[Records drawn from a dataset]
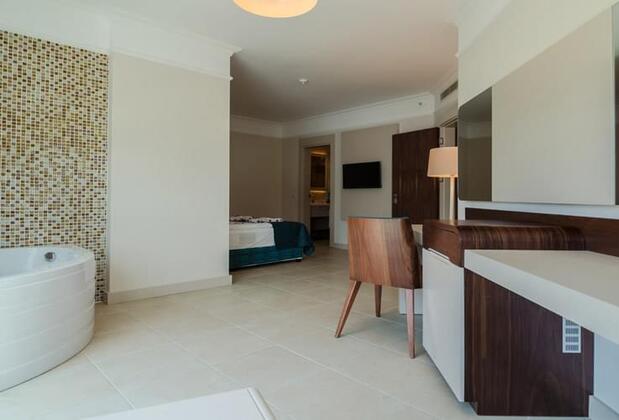 The Lumos Deluxe Resort Hotel - Görsel 23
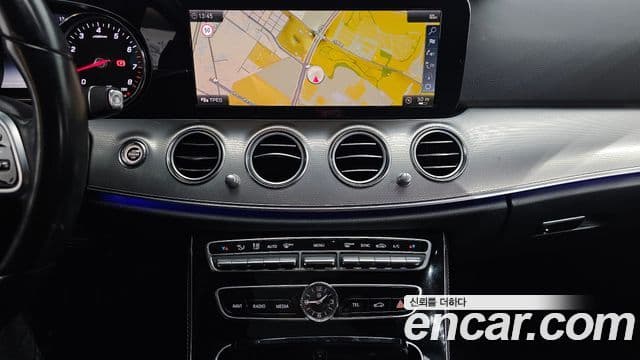 Mercedes-Benz E-класс W213 Avantgarde, 2019 14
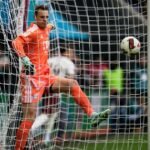 Manuel Neuer se mandó un blooper insólito y el Bayern Munich sufrió el gol más rápido en la historia de la Bundesliga
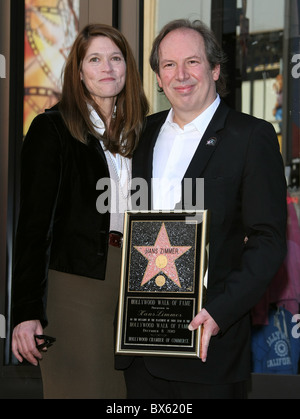 SUZANNE ZIMMER HANS ZIMMER HANS ZIMMER HONORÉ AVEC UNE ÉTOILE SUR LE Hollywood Walk of Fame LOS ANGELES CALIFORNIA USA Décembre 20 01 08 Banque D'Images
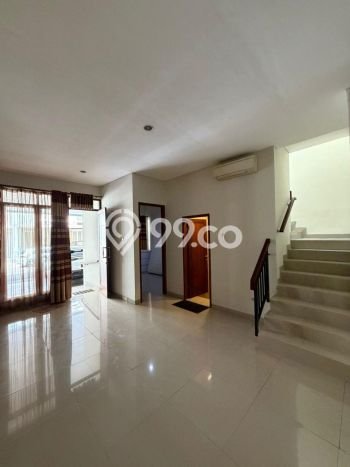 Siap Huni Rumah Mewah 3 Kamar di Kelapa Gading Dekat ke Mana Pun Siap Huni Rumah Mewah 3 Kamar di Kelapa Gading Dekat ke Mana Pun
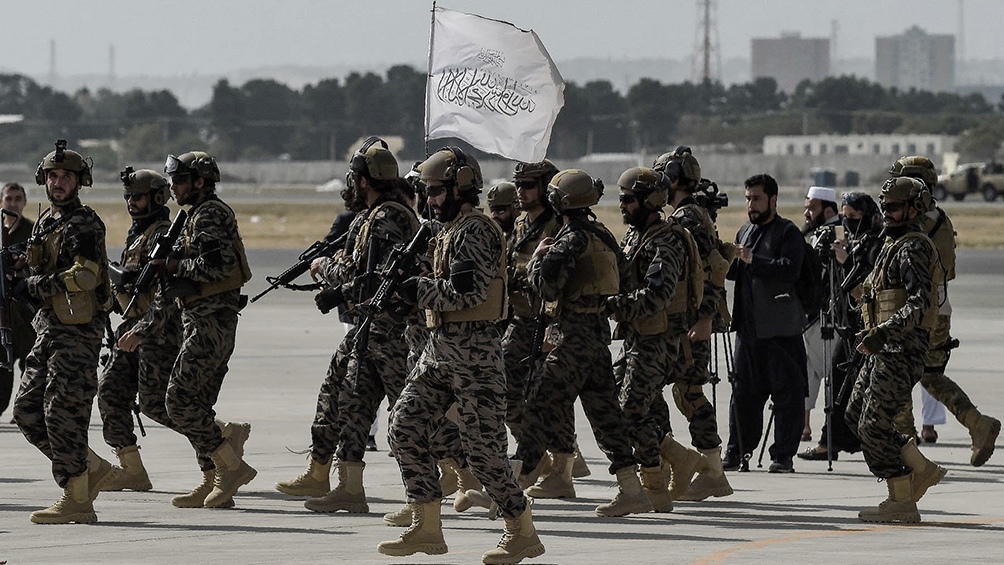 Los talibanes desfilaron triunfales en el aeropuerto de Kabul.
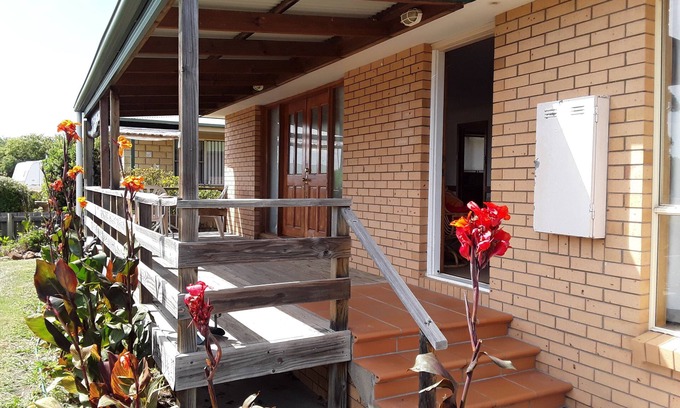 Swansea Cottage | Great accommodation. Full bath, Quiet area. House to yourself & close beaches.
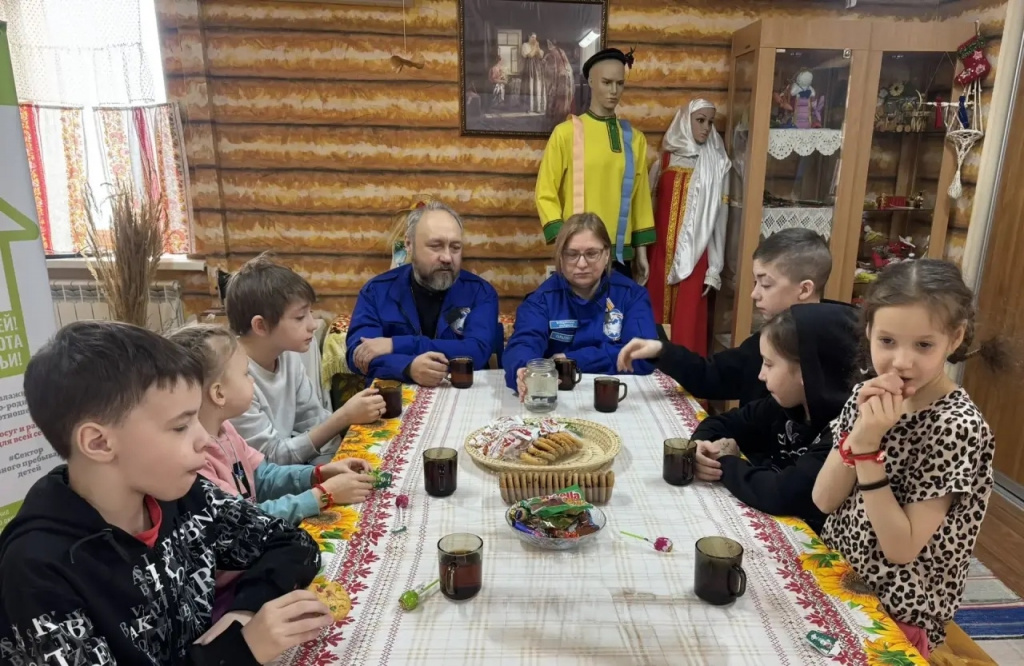пьют чай с детьми.jpg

EXERCISE PROMPT: Only the lines from the one containing "Manuel Neuer se" through the last line of the entries above, both included, belong in the answer, written out exactly; pictures do not.

RESULT OF THE TASK:
 Manuel Neuer se mandó un blooper insólito y el Bayern Munich sufrió el gol más rápido en la historia de la Bundesliga
 SUZANNE ZIMMER HANS ZIMMER HANS ZIMMER HONORÉ AVEC UNE ÉTOILE SUR LE Hollywood Walk of Fame LOS ANGELES CALIFORNIA USA Décembre 20 01 08 Banque D'Images
 Siap Huni Rumah Mewah 3 Kamar di Kelapa Gading Dekat ke Mana Pun Siap Huni Rumah Mewah 3 Kamar di Kelapa Gading Dekat ke Mana Pun
 Los talibanes desfilaron triunfales en el aeropuerto de Kabul.
 Swansea Cottage | Great accommodation. Full bath, Quiet area. House to yourself & close beaches.
пьют чай с детьми.jpg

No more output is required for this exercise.